18Même une alliance entre l’Allemagne et la Hongrie, et plus tard entre l’Allemagne, l’Italie et la Hongrie, ne pouvait vaincre, sur le papier du moins, une coalition de la Grande-Bretagne, de la France, de la Pologne, de la Roumanie, de la Yougoslavie et de la Tchécoslovaquie. Mais la France éprouvait une angoisse terrible que ne se répétât la Grande Guerre, qui avait causé tant de victimes et de destructions (une phobie martiale symbolisée, psychologiquement et stratégiquement, par la fameuse ligne Maginot). Cela permit à l’Allemagne de remilitariser la Rhénanie, puis d’occuper l’Autriche et, à partir de 1935, de dominer l’Europe de l’Est sur le plan économique. Ensuite ce fut la « drôle de guerre » : Paris et Londres évitèrent d’attaquer frontalement l’Allemagne, qui était occupée à envahir la Pologne – la campagne de la Sarre fut rapidement arrêtée et Berlin put continuer sa conquête en toute impunité. Mais il est vrai que la Grande Bretagne avait compris après Munich combien le révisionnisme allemand était dangereux. Le 13 avril 1939, elle offrit des garanties de sécurité à la Grèce et à la Roumanie. Le 28 septembre 1939, la Grande Bretagne, la France et la Turquie signèrent un traité trilatéral qui offrait un petit réconfort psychologique aux pays pro-statu quo des Balkans. On pouvait espérer que les révisionnismes hongrois et même bulgare allaient être mieux contrôlés et qu’ils iraient même en diminuant.
19Il était question, aussi bien à Londres qu’à Paris, de favoriser la création d’un « bloc des neutres » dans les Balkans, dont la Turquie aurait été le pilier central et l’Italie un acteur important (Schipor, dans Naumescu 2018:115). Bien sûr, il fallait faire coopérer ces deux pays, or les relations turco-italiennes n’étaient pas des meilleures. L’Italie abandonna le projet après la signature du traité trilatéral Londres-Paris-Ankara. Les gouvernements roumains successifs encouragèrent en revanche le projet, surtout Grigore Gafencu, ministre des Affaires étrangères de février 1939 à juillet 1940. Le 28 octobre 1939 le gouvernement roumain présenta son propre plan de « bloc des neutres » à l’Italie, la Hongrie et la Bulgarie. L’Italie et l’URSS s’opposèrent finalement à ce projet.

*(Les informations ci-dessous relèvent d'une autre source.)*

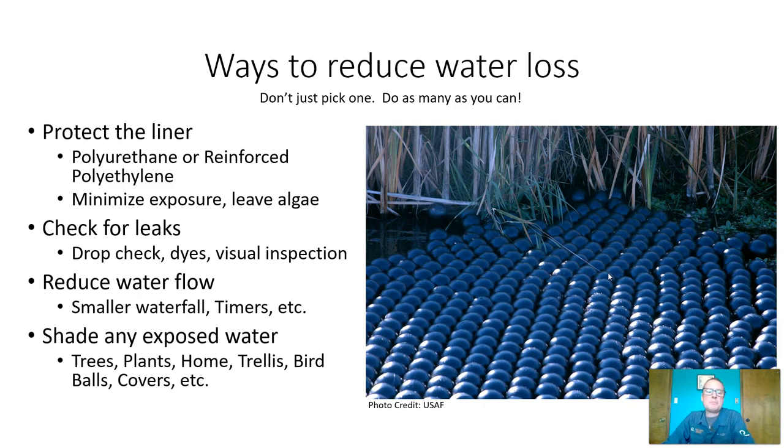Reduce the water flow using smaller waterfalls or using timers. If you're going into the office every day and you're not at home to enjoy the waterfall, get a timer, put it on that waterfall pump, and turn off the waterfall. The less water that's constantly flowing through the waterfall, the less evaporation you're going to have.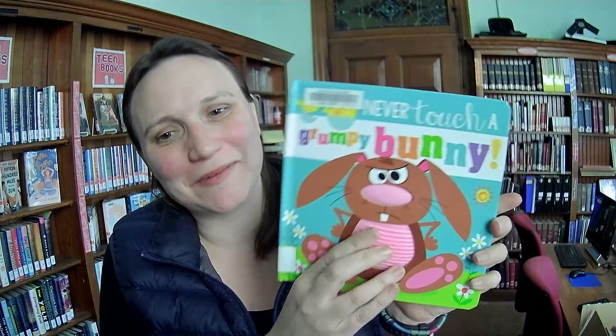It's called Never Touch a Grumpy Bunny and I love this. I can think of so many times when my kids have been grumpy bunnies and maybe sometimes when I have been a grumpy bunny. It seems like this is actually rubber too — this is really fun. I can see kids being into that. I thought maybe there was an Easter tie-in but actually I think it's just a bunny, because bunnies are great year-round.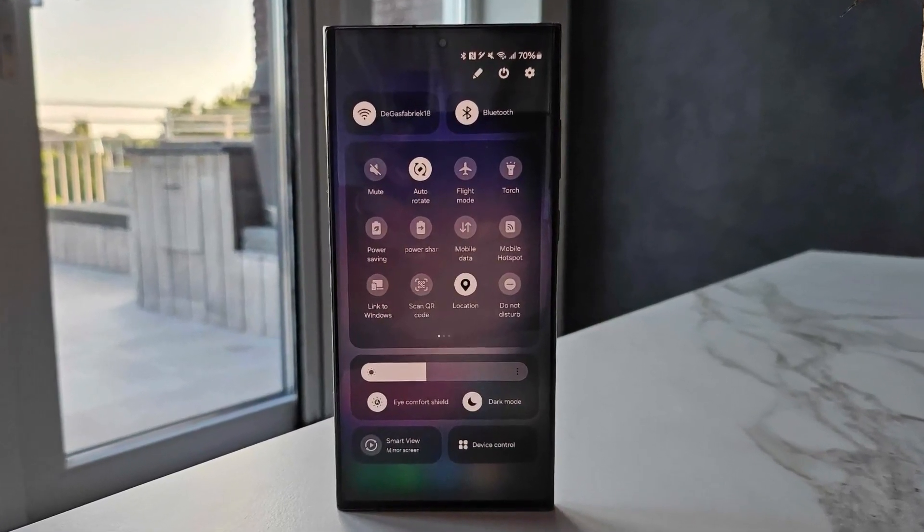The first One UI 6.0 beta update introduced dozens of new features and improvements, including a revamped design for quick setting toggles and a slightly different design for notifications. It also introduced a new design for the stock camera app, a custom camera widget, a new design for the weather app, and a new widget for the weather app. However, it has a few bugs, and most of those bugs are expected to be solved with the upcoming update.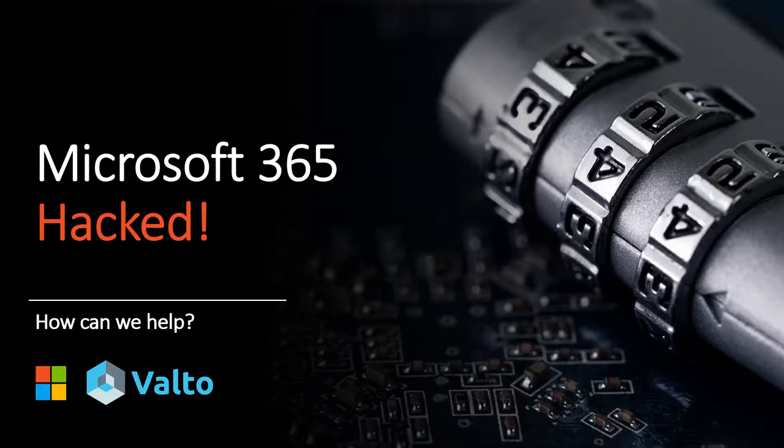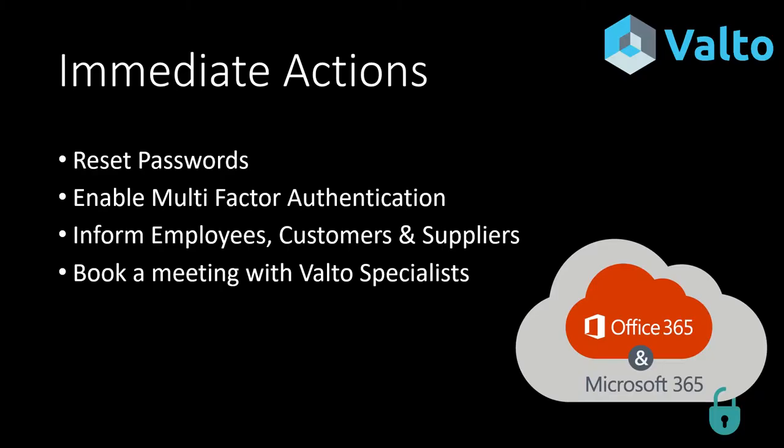If your Microsoft 365 environment has been hacked, here are some services and how we can help. Some immediate actions: we recommend that you reset the passwords of all compromised accounts, enable multi-factor authentication for all users in Office 365, inform employees, customers, and suppliers of the potential breach, and book a meeting with our Valto specialists.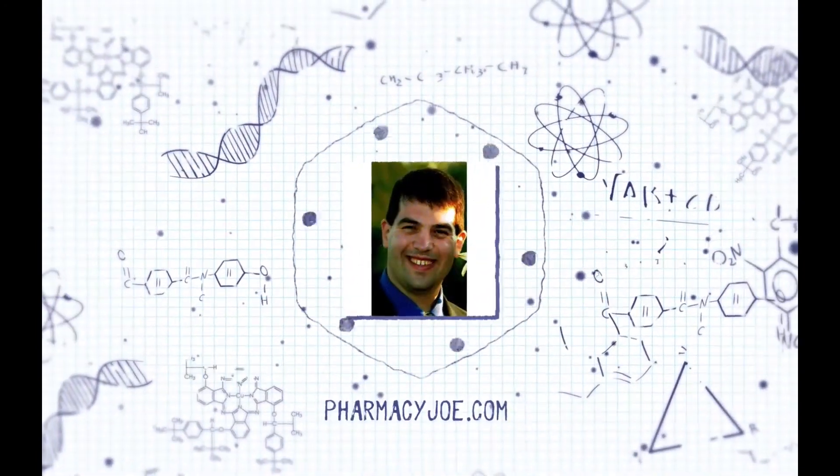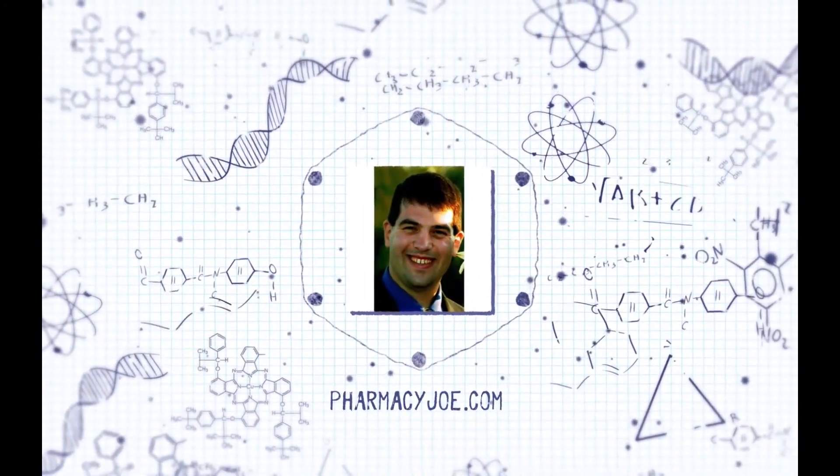Welcome to the Elective Rotation Podcast, Critical Care Pharmacy Minute, where I discuss one critical care pharmacy thought in about one minute.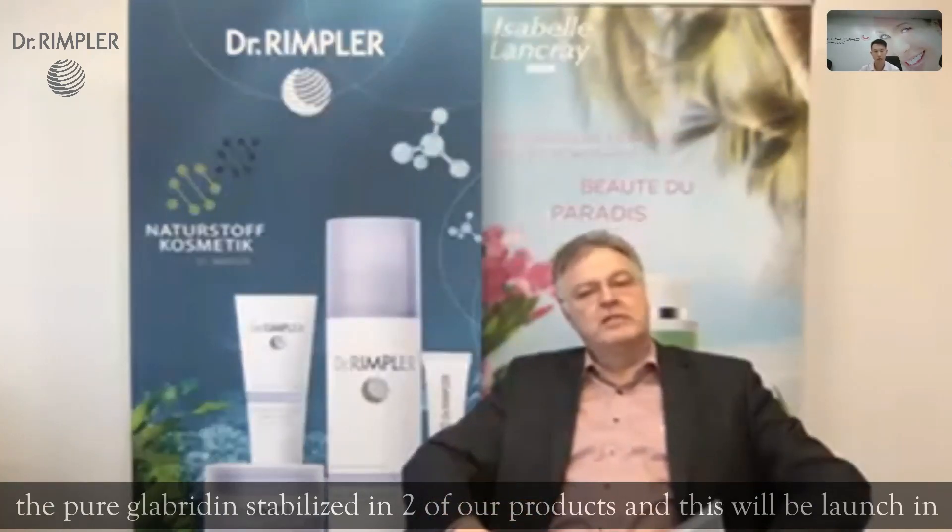We are now in a position, after two years of research and development, to use pure glabridin stabilized in two of our products, and this will be launched in May or June in Malaysia. Thank you.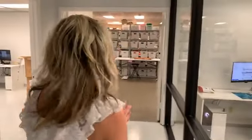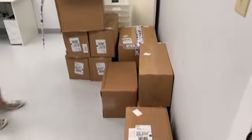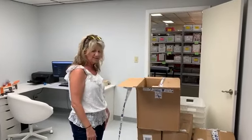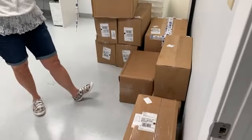Over here on this side is where all of the product comes in. UPS and FedEx bring everything right in here, get it all dropped off and ready for us to take care of. We work in here getting all the products out of the boxes and some of it onto the website. Some of it's pre-orders — if it's pre-orders, we get those cut and ready to send out to you all.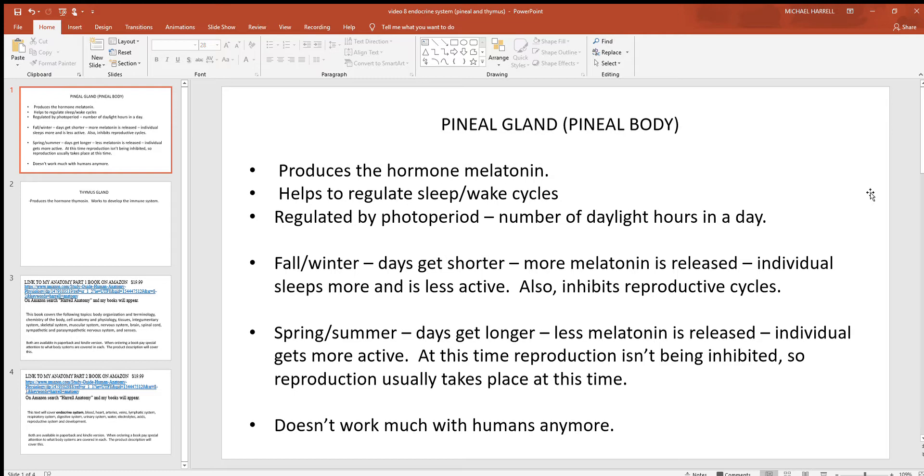This is what people will sometimes call the biological clock of the brain — it determines when major events start and stop, which is probably discussed more in the nervous system chapter. But the pineal gland also belongs to the endocrine system because it produces the hormone melatonin, one of those chemical signals you may have heard of before. It helps to regulate sleep and wake cycles.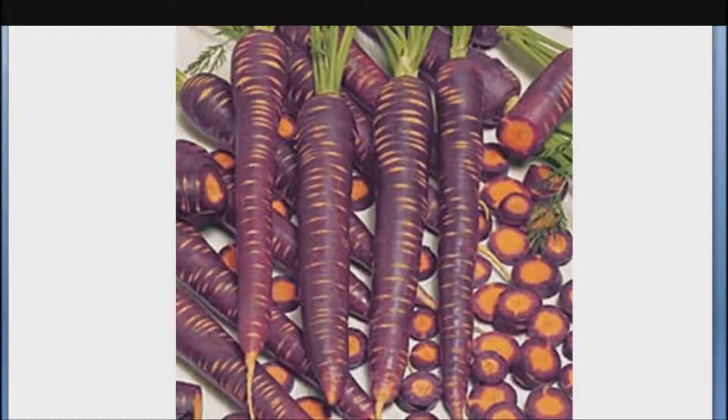Nowadays, the flavor and nutritional value of purple carrots have caught up with orange varieties. Purple is just one color in the carrot rainbow. Other exotic colors include pink, red, white, yellow, and purples so dark they appear black.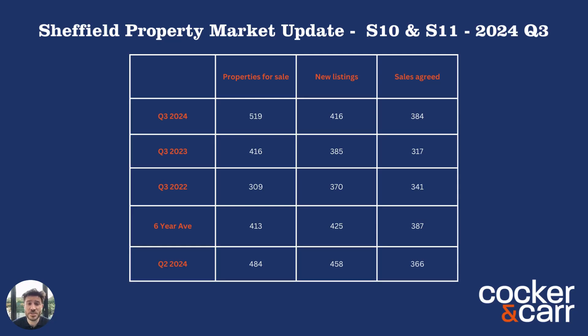Hi, I'm Tom from Cochrane Car Estate Agents. If this is the first video you've seen from us, what we're doing here is just giving you good information and good data, so you can see what's happening in the housing market in Sheffield. This is focusing on postcodes S10 and S11. As a company, we do cover the whole of Sheffield. So if you want to get in contact with me about your area or your property, my contact details are at the end. So let's get into the data.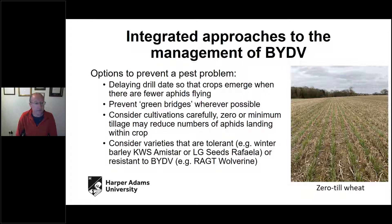It has been reported that careful selection of cultivation such as zero or mintill is one way to reduce BYDV pressure. And perhaps the most interesting innovation over the last couple of years has been the emergence of BYDV-tolerant barley varieties — KWS Amistar and LG's Raffiella — and of course we have the BYDV-resistant wheat RAGT Wolverine, which Tom's going to talk about in a few moments.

20Est-ce que la Roumanie aurait ainsi pu réduire le nombre de ses adversaires potentiels ? Bucarest n’a pas voulu, entre 1919 et 1939, céder à la Bulgarie le Quadrilatère (ou une partie de celui-ci), même si cette idée était acceptable pour une partie de la classe politique roumaine. En réalité, elle craignait que la Hongrie et l’URSS fissent immédiatement, elles aussi, des demandes de révision des frontières. Moscou et Budapest étaient vus comme des révisionnistes qui ne se contenteraient pas de petites rectifications de frontières. Ainsi, la seule façon pour qu’ils se tinssent tranquilles, c’était soit de les décourager par un système d’alliances et celui de la sécurité collective, soit de leur donner satisfaction. L’Allemagne hitlérienne elle-même avait proposé en 1935 au roi Charles II de Roumanie un traité d’amitié qui contenait une clause de reconnaissance des frontières du pays et était accompagné d’un traité commercial.
- 3 Pour aider efficacement la Pologne, la France et la Grande Bretagne auraient dû entrer en guerre (...)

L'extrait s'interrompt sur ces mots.